Task details: Pictures must not appear in the copy. Restate exactly the lines below from the one with "PlayingMen.com - Drew" through the one with "Mobili dell'hotel su", inclusive.

Information provided:
--------------------------------
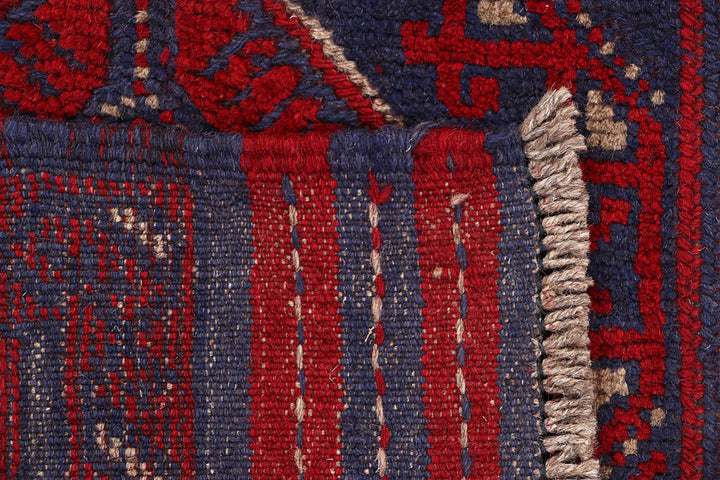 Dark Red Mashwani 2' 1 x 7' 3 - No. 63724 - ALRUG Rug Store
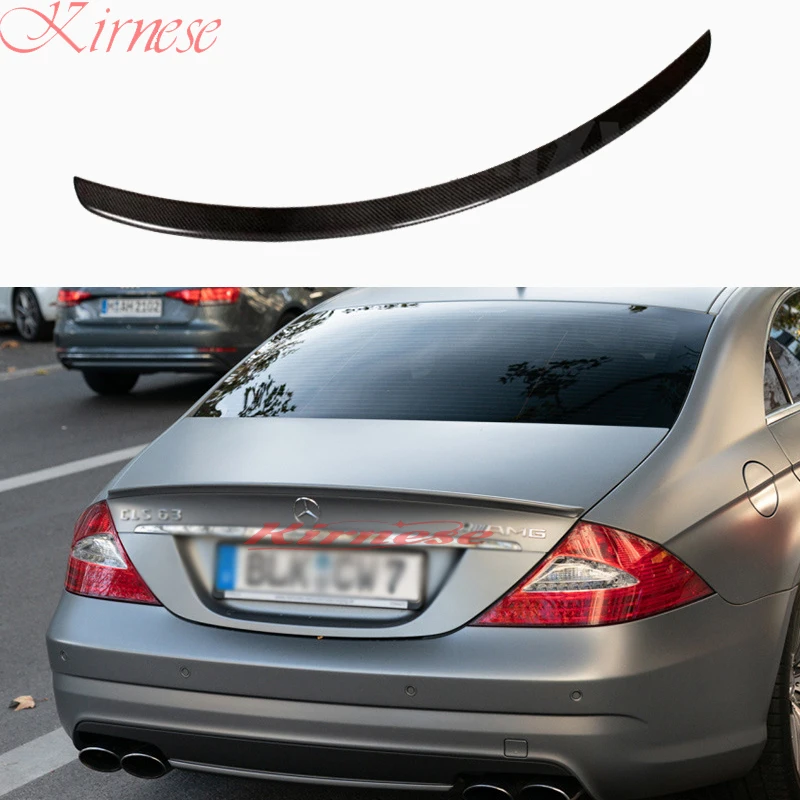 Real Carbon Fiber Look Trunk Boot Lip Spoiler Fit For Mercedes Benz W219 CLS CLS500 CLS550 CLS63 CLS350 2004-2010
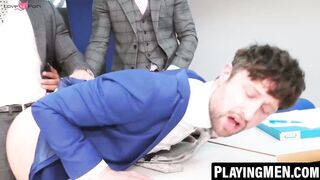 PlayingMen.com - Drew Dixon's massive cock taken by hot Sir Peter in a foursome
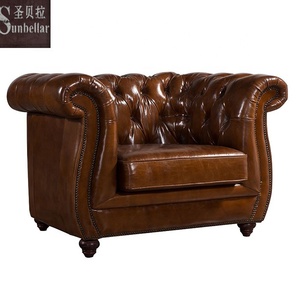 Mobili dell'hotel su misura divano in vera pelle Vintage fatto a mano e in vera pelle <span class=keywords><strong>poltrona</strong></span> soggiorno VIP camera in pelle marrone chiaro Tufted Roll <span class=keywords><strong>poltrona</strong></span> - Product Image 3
--------------------------------
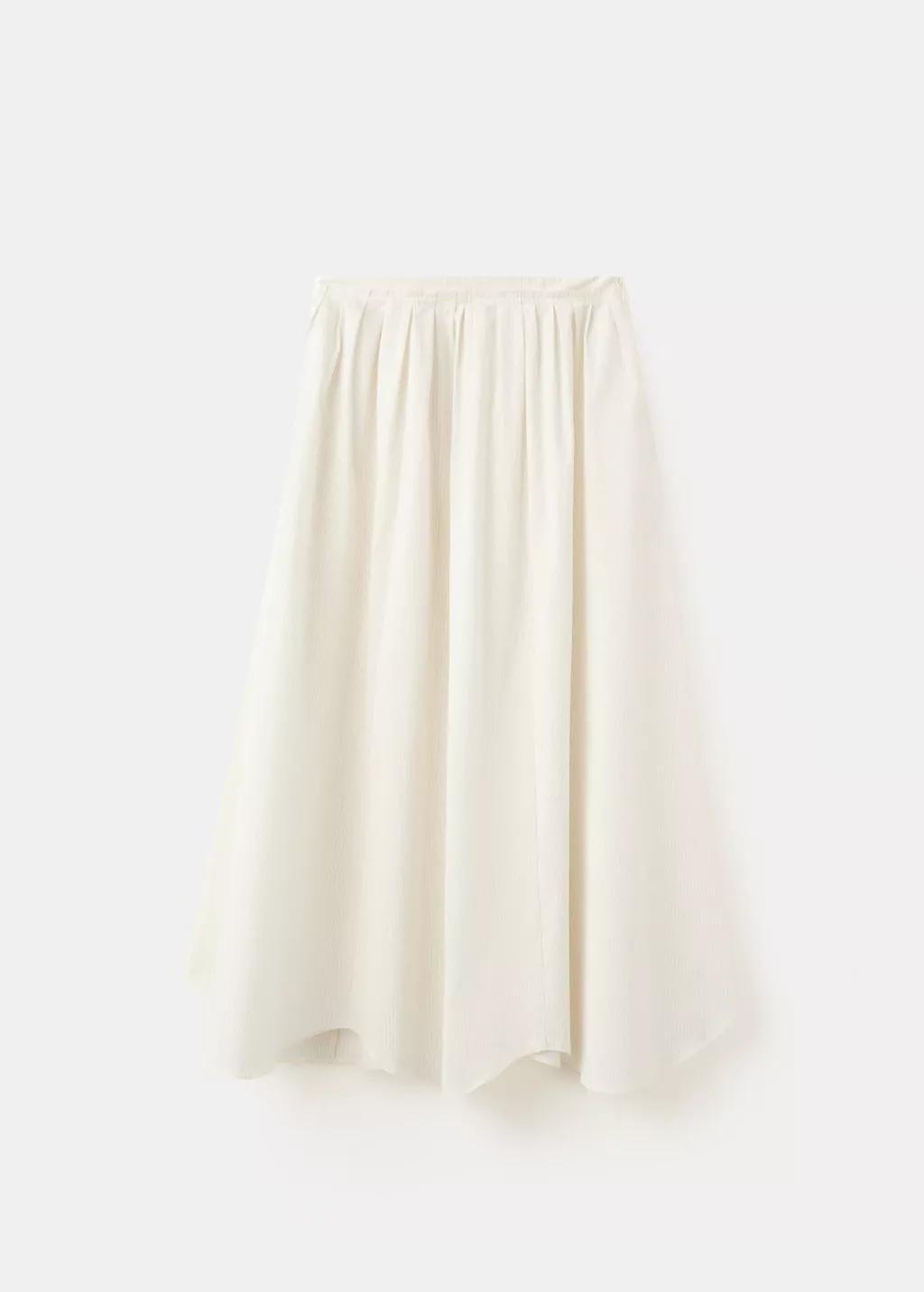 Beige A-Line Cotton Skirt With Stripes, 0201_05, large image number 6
--------------------------------
Response for this exercise:
 PlayingMen.com - Drew Dixon's massive cock taken by hot Sir Peter in a foursome
 Mobili dell'hotel su misura divano in vera pelle Vintage fatto a mano e in vera pelle <span class=keywords><strong>poltrona</strong></span> soggiorno VIP camera in pelle marrone chiaro Tufted Roll <span class=keywords><strong>poltrona</strong></span> - Product Image 3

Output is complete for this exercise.